Natürlich ist ein normaler Brief noch nicht tragisch, ich wollte nur deine pauschale Aussage nicht so stehen lassen. Ansonsten stimme ich dir zu (Brief schreiben -> Irrtum aufklären).

LG Timi

eine erhobene Forderung per Brief alleine hat keine tragischen Rechtsfolgen. Umgekehrt auch, wenn man etwa ein klärendes Gespräch geführt hat kann eine Mahnabteilung trotzdem den Mist wiederaufnehmen nachdem man die Sache schon erledigt wähnte. Deshalb : Unterlagen mind. 2 Jahre aufbewahren, falls es rechtshängig wird.

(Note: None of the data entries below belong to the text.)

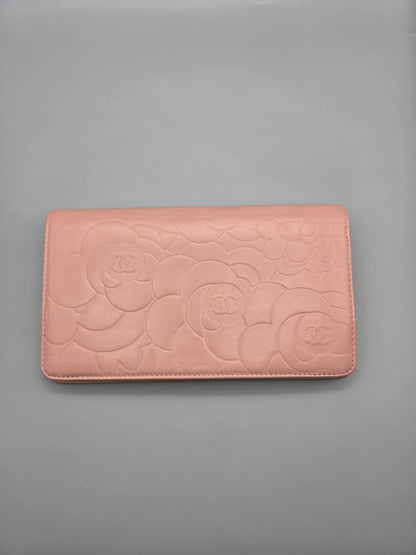CHANEL Camellia CC Embossed Leather Wallet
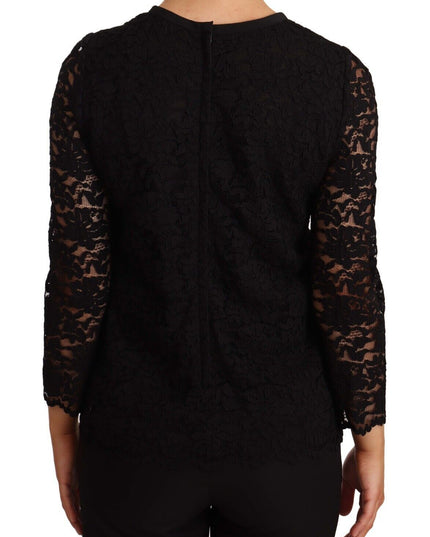 Dolce & Gabbana Black Floral Lace Nylon Blouse Top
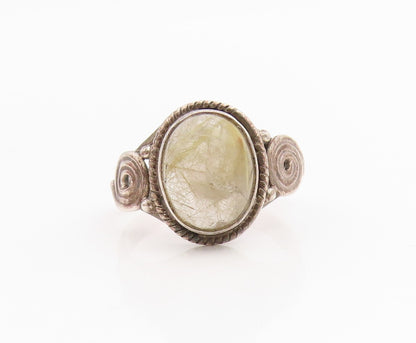 925 Sterling Silver Vintage Ring Oval Quartz With Spiral Accent  Sz 5.5  RG34782
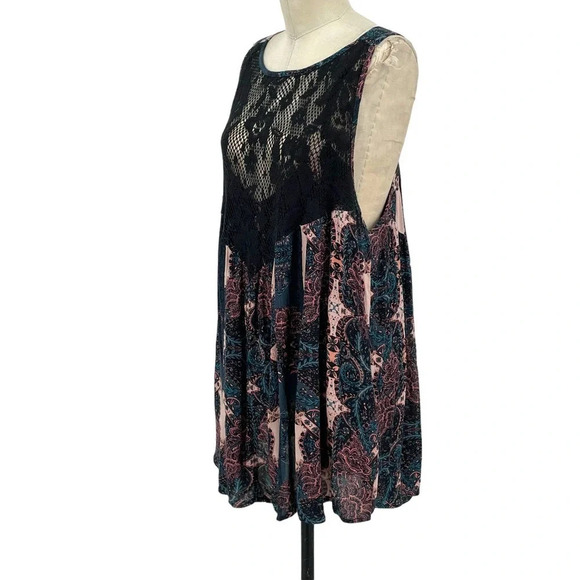Free People Count Me In Trapeze Tunic Top Black Lace Pink Size Small - Picture 6 of 11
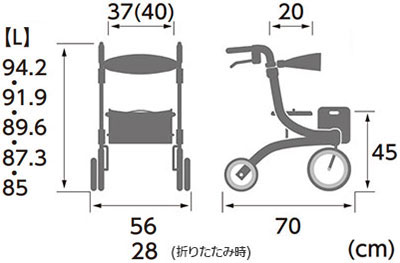 杖置き付 四輪歩行車 抑速ブレーキ付 Pastel《KW-LPC-L》Lサイズ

spätestens beim Mahnbescheid mußt du das volle Programm abziehen:

Forderung vollumfänglich bestreiten, also dem Grunde und der Höhe nach

ALLE Einreden geltend machen : Verjährung, Zuständigkeit und was weiss ich.

viel hilft viel

gib ihm volle Lotte , am besten den Typen entmündigen lassen (das ist das Standardverfahren) :wink:

du mußt folgende Einreden vorbringen:

Geschäftsunfähigkeit §§ 104 ff. BGB

Sittenwidrigkeit § 138 BGB,

Gesetzeswidrigkeit § 134 BGB,

Formverstoß §§ 125 ff.; 313; 766 BGB

AGB-Kontrolle

Aufrechnung § 387 ff. BGB

Widerruf §§ 355 ff. BGB

Gefälligkeit

Erfüllung § 362 BGB

Rücktritt §§ 346 ff. BGB

Unmöglichkeit §§ 275, 326 BGB

Rechtsmissbrauch § 242 BGB

Wegfall der Geschäftsgrundlage § 313 BGB

Verjährung §§ 194 ff. BGB

Verwirkung § 242 BGB

Zurückbehaltungsrecht §§ 273; 320 BGB

Haftungsausschluss

aber der Vortrag sollte schlüssig bleiben, sonst wirst du selber entmündigt :wink:

es treten dann für den unberechtigten Forderer diese Rechtsfolgen ein:

* Nichtigkeit, Teilnichtigkeit
* Nichtigkeit nach Anfechtung § 142 BGB
* Schadensersatz §§ 249 ff. BGB
* Schmerzensgeld § 253 Abs. 2 BGB
* Ersatz für vertanen Urlaub § 651f Abs. 2 BGB
* Vertrauensinteresse
* Rücktritt §§ 346 ff. BGB
* Herausgabe, Wertersatz § 818 BGB

mache alles geltend !!

Richtig !
Hi,
sicherlich. Ich habe das wohl missverständlich ausgedrückt. Wenn man nicht reagiert folgt der Mahnbescheid, wenn man auch hier nicht reagiert folgt der Vollstreckungsbescheid. Leider wird sowas nicht (oder in der Regel nicht) vorher geprüft. Daher gab ich auch den Rat, Kontakt mit dem Absender aufzunehmen um sich unnötigen Ärger vom Hals zu halten.
Das selbst unberechtigte Forderungen zunächst vollstreckbar sind ist eigentlich ein Unding. Aber das ist wieder ein anderes Thema.
Der Verweis auf die Sternchen war jedoch trotzdem überflüssig.